A capacidade de comunicação e diálogo do CRO é uma das qualidades mais importante desta profissão. Este executivo deve ser uma figura conhecida no mercado, que entenda a forma de pensar dos diferentes stakeholders e principalmente que atue com a máxima transparência e independência, mantendo a credibilidade, estabilidade e coerência do processo de reestruturação. O diálogo com credores é de fundamental importância para que se consiga o apoio de todos os stakeholders envolvidos durante o período de renegociação, sejam bancos nacionais e internacionais, fornecedores e investidores internacionais. Essa capacidade de comunicação é mais importante ainda no âmbito de crise de empresas familiares, onde muitas vezes afloram as emoções dos fundadores, interesses divergentes de acionistas e membros da família, além de conflitos de objetivos entre credores e acionistas.

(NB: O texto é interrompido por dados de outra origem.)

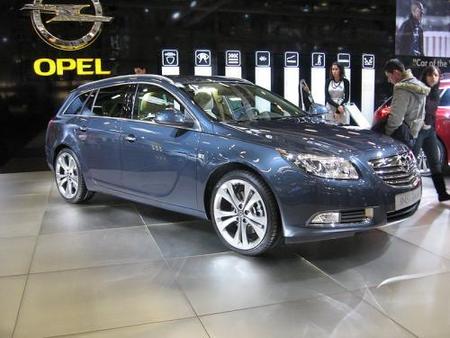 Opel podría salir de GM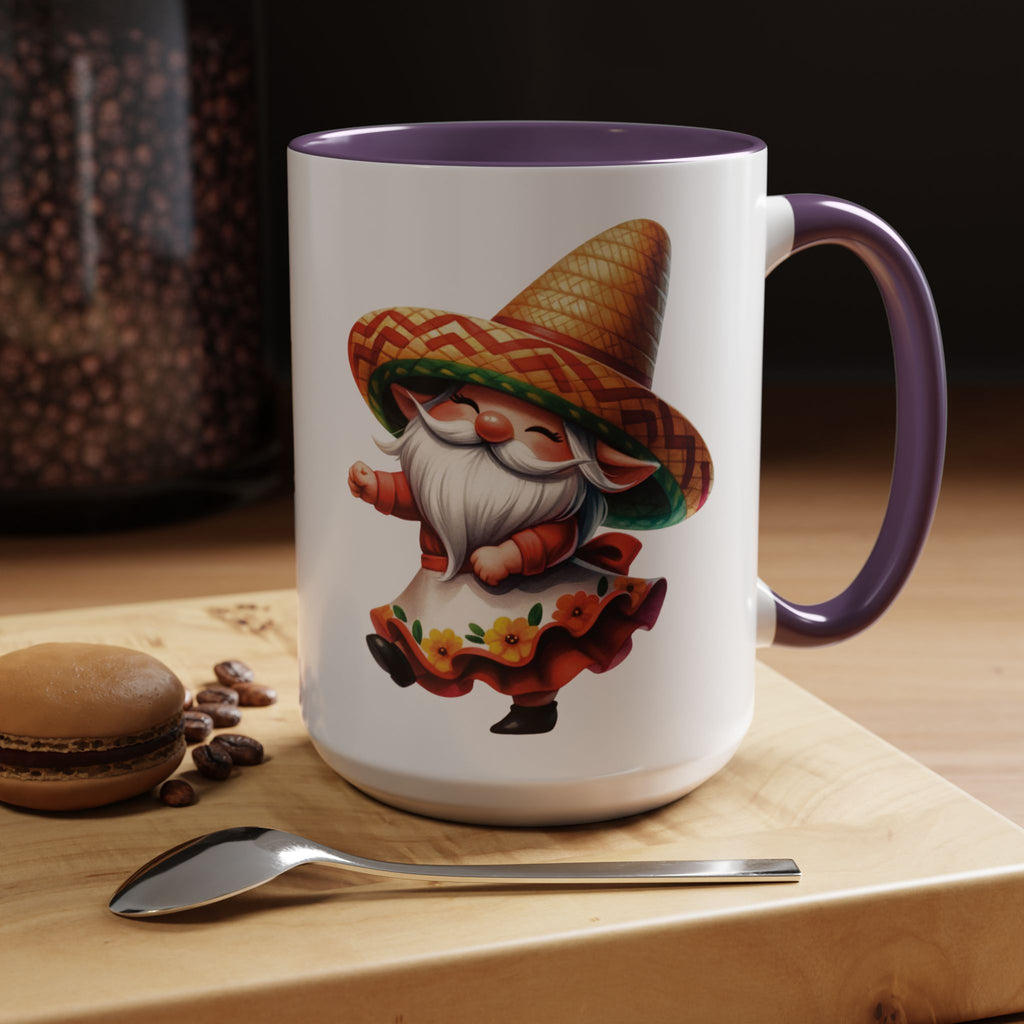 Fiesta Gnomes Double Sided (Serie 9)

O CRO, no seu papel pleno, assume não só a responsabilidade de um assessor estratégico e financeiro, mas também se integra ao processo de governança da empresa, tendo lugar no Conselho de Administração (se existir) ou atuando muitas vezes como CEO (Chief Executive Officer) interino, com um papel fundamental no processo decisório e atuação independe na condução do processo de reestruturação.
No Brasil, uma das razões que contribui para que a figura de CRO não esteja consolidada é a questão da sua regulamentação, bem como o enquadramento da sua responsabilidade. Não tendo o papel consolidado dentro da recuperação judicial, a sua atuação pode ficar prejudicada, uma vez que o acionista ainda tem o poder de substituir o CRO sem a anuência dos credores, criando um possível cenário de menor independência. Ao mesmo tempo, considerando que não existe uma regulamentação sobre o perímetro de responsabilidade desta figura profissional, isso constitui um sério problema para que profissionais ou empresas sérias venham a assumir com tranquilidade este papel.
Para ter autonomia e poder na execução das suas atividades, as responsabilidades da atuação desse executivo precisam ser regulamentadas, dando ao mesmo plenos poderes para a condução do processo de reestruturação sem que haja interferência dos antigos acionistas.